Economic Growth

Economic Growth

Economic growth is commonly measured as the percentage growth in Gross Domestic Product (GDP) or Gross National Product (GNP) over a period. GNP differs from GDP by the net amount of incomes sent to, or received from abroad. In an open economy like Ireland, where multinational corporations play an important role (particularly via exports), the difference between GDP and GNP can be significant. This is due to the fact that profit outflows from multinationals can be much higher than income received from abroad by Irish companies.

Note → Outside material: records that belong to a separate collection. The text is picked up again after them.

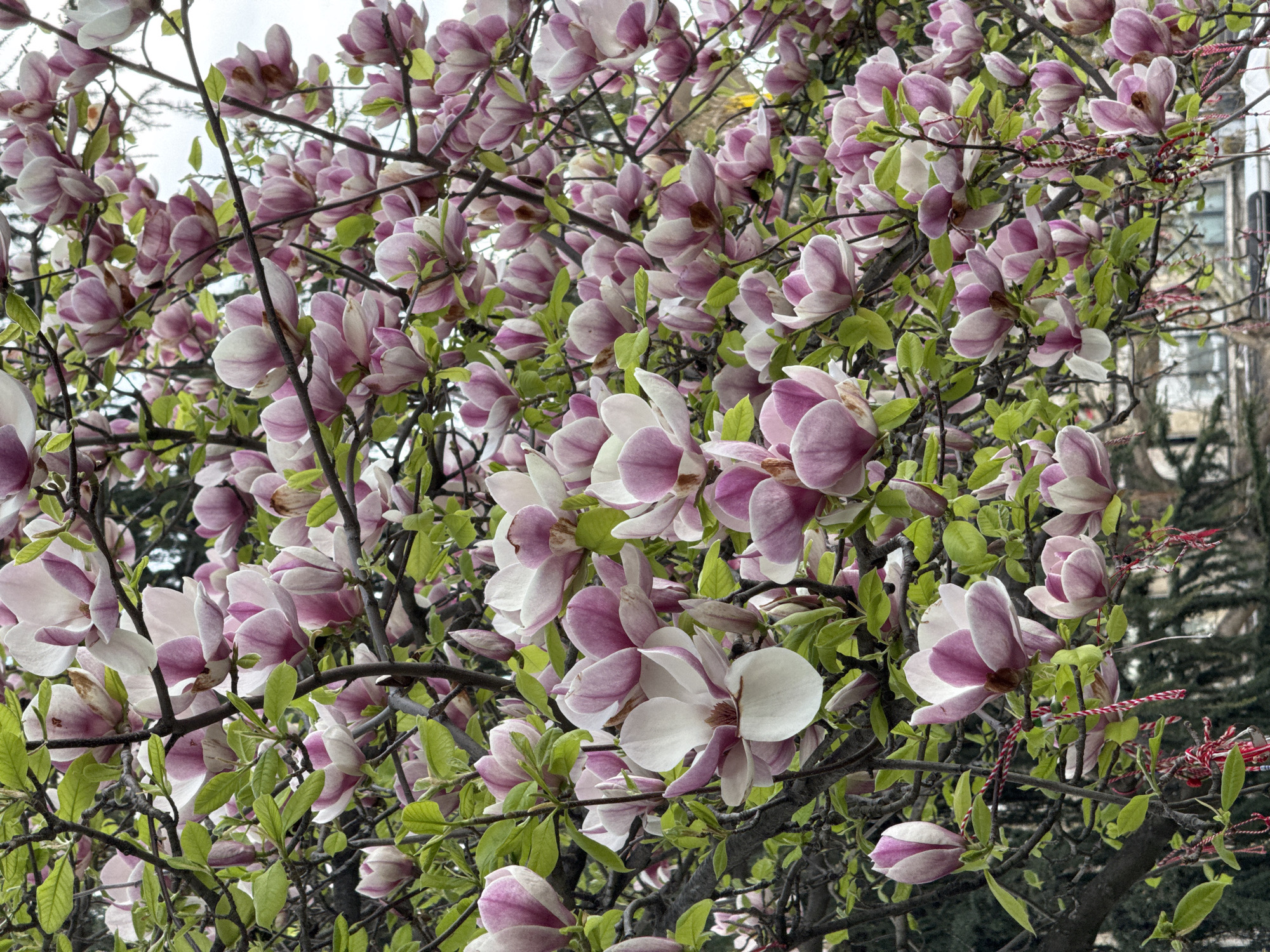 The image shows a close-up of a blooming magnolia tree, densely covered with flowers in shades of pink and white, interspersed with green leaves and dark branches. The blossoms are the dominant feature, with many fully open and others still in bud. Near the right edge of the frame, red and white twisted strings (Martienitsa) are tied to a branch, a Bulgarian tradition. The background is partially blurred and indistinct, with glimpses of a building and other trees visible, suggesting an urban setting. Given the Martienitsa, the location is plausibly Plovdiv, Bulgaria.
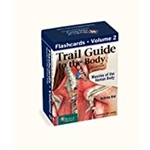 Trail Guide to the Body 6e Flashcards, Volume 2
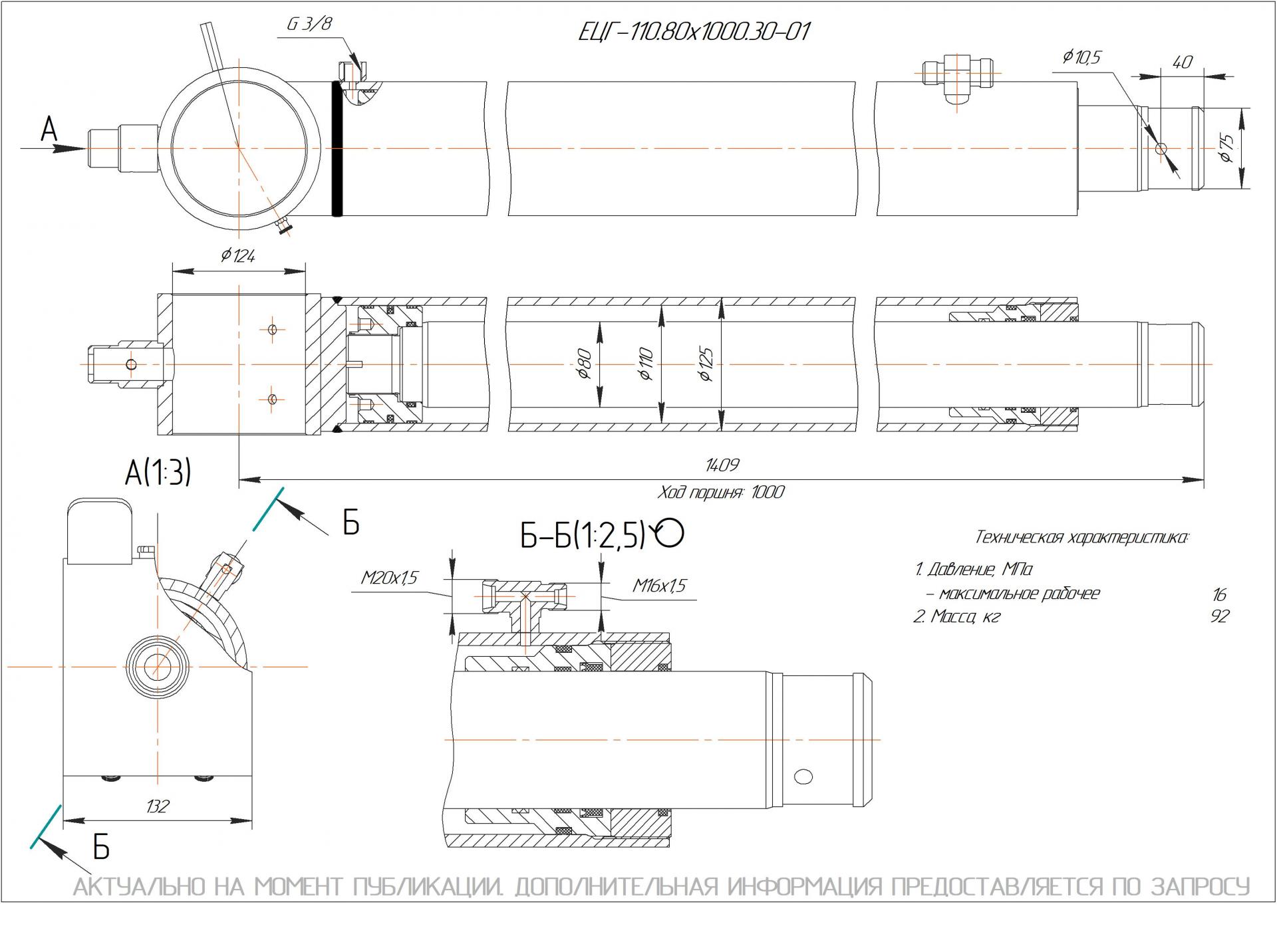 ЕЦГ-110.80х1000.30-01 Гидроцилиндр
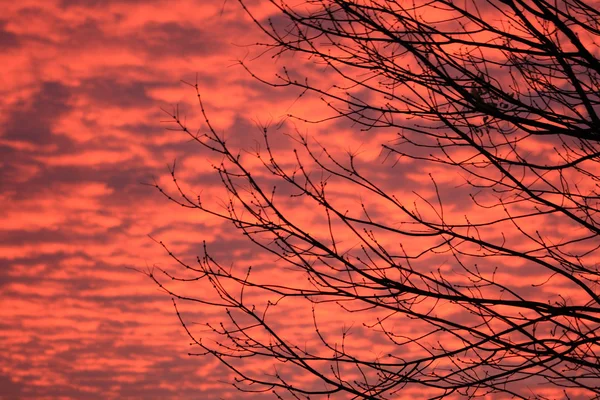 stock image Branch in sunset colour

Would you expect GDP to be higher than GNP? In Ireland’s case, GDP is actually larger than GNP. This is because the net factor income from abroad is usually negative due to the following reasons:

  • Repatriation of profits by companies resident in Ireland
  • Repayments on the foreign elements of our national debt
  • The remittances of immigrants in Ireland sent abroad

Therefore, GDP is a better indicator of the level of economic activity in the country, while GNP is a better indicator of the standard of living in the country.

Short-term Trends


GDP v GNP Quarterly  (% change on corresponding period of previous period)

Source: CSO – Quarterly National Accounts

Long-term Trends

Preliminary estimates indicate that GDP in volume terms increased by 7.8 per cent for the year 2017. It is likely that Irish economic growth in 2017 will have outpaced the average EU growth rates in 2017 once final estimates are published, making Ireland the fastest growing economy in the EU in the past 5 years.

Value added has increased in all of the main sectors of the economy, however main contributors to the growth in GDP in 2017 were Construction, Information and Communication and Professional Admin and Support sectors, with 16.8%, 16.8% and 10.8% growth, respectively.